La stabilité sous vide de l'hydrure d'aluminium α peut être sensiblement augmentée en incorporant une fraction massique de 0,01 à 3 % de magnésium[4]. Sa résistance à l'hydrolyse peut également être améliorée par recuit. Sous forme passivée, l'alane est un bon candidat pour les applications de stockage de l'hydrogène pour véhicules à hydrogène ainsi que pour les technologies de production d'électricité par piles à combustibles haut rendement pour applications légères et voitures électriques. L'alane contient une fraction massique d'hydrogène atteignant 10 % du matériau, soit 148 g/L, près du double de l'hydrogène liquide cryogénique à pression atmosphérique (71 g/L). Sous forme non passivée, il fait l'objet de recherches pour des applications comme additif énergétique pour explosifs et dopant pour propergols dans l'astronautique[5], dont il permettrait d'accroître les performances jusqu'à 10 %[6].

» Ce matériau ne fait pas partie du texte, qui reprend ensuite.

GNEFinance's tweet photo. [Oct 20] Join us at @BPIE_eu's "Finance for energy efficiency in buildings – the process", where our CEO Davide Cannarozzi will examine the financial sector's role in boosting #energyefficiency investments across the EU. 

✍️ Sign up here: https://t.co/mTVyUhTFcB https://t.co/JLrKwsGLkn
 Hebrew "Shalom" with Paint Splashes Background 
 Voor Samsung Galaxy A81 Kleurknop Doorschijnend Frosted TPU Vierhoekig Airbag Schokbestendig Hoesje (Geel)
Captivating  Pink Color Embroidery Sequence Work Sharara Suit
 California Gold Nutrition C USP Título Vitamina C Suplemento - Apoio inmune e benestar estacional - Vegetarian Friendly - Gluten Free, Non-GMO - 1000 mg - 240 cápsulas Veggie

La molécule AlH3 seule a été isolée dans une matrice de gaz noble à basse température et s'est révélée être plane[7].

Préparation

Les hydrures d'aluminium et leurs complexes sont connus de longue date[8], une publication de 1947 rapportant déjà la synthèse de tels composés[9]. On obtient de l'hydrure d'aluminium en traitant de l'aluminohydrure de lithium LiAlH4 avec du chlorure d'aluminium AlCl3 en éliminant soigneusement le chlorure de lithium LiCl :

3 LiAlH4 + AlCl3 ⟶ 4 AlH3 + 3 LiCl.

Les solutions d'hydrure d'aluminium dans l'éther diéthylique doivent être utilisées rapidement car l'alane tend à précipiter rapidement et ces solutions se dégradent généralement après trois jours ; AlH3 est plus réactif que LiAlH4.

Il existe plusieurs autres voies de synthèse pour la préparation de l'hydrure d'aluminium :

2 LiAlH4 + BeCl2 ⟶ 2 AlH3 + Li2BeH2Cl2 :
2 LiAlH4 + H2SO4 ⟶ 2 AlH3 + Li2SO4 + 2 H2 ;
2 LiAlH4 + ZnCl2 ⟶ 2 AlH3 + 2 LiCl + ZnH2 (en) ;
2 LiAlH4 + I2 ⟶ 2 AlH3 + 2 LiI + H2.

Synthèse électrochimique

Plusieurs équipes ont obtenu de l'hydrure d'aluminium par voie élecrochimique[10],[11],[12],[13], et plusieurs méthodes de production électrochimique d'hydrure d'aluminium ont été brevetées[14],[15]. L'intérêt de ces procédés est qu'ils permettent d'obtenir de l'hydrure d'aluminium sans impuretés de chlorure. Deux réactions se produisent dans la pile électrochimique de Clasen, constituée de THF comme solvant, d'aluminohydrure de sodium NaAlH4 comme électrolyte, d'une anode en aluminium et d'un fil de fer immergé dans du mercure comme cathode. Le sodium forme un amalgame avec le mercure de la cathode, ce qui évite les réactions parasites, tandis que l'hydrogène produit par la première réaction est piégé et réagit avec l'amalgame de mercure et de sodium pour produire de l'hydrure de sodium NaH. Ce système permet de ne pas perdre de matière initiale. La réaction (1) se produit avec les anodes insolubles, tandis que la dissolution anodique de la réaction (2) se produit pour les anodes solubles :

(1)   2 AlH4 + 2n THF - 2 e ⟶ 2 AlH3·nTHF + H2 ;
(2)   3 AlH4 + Al + n THF - 3 e ⟶ 4 AlH3·nTHF.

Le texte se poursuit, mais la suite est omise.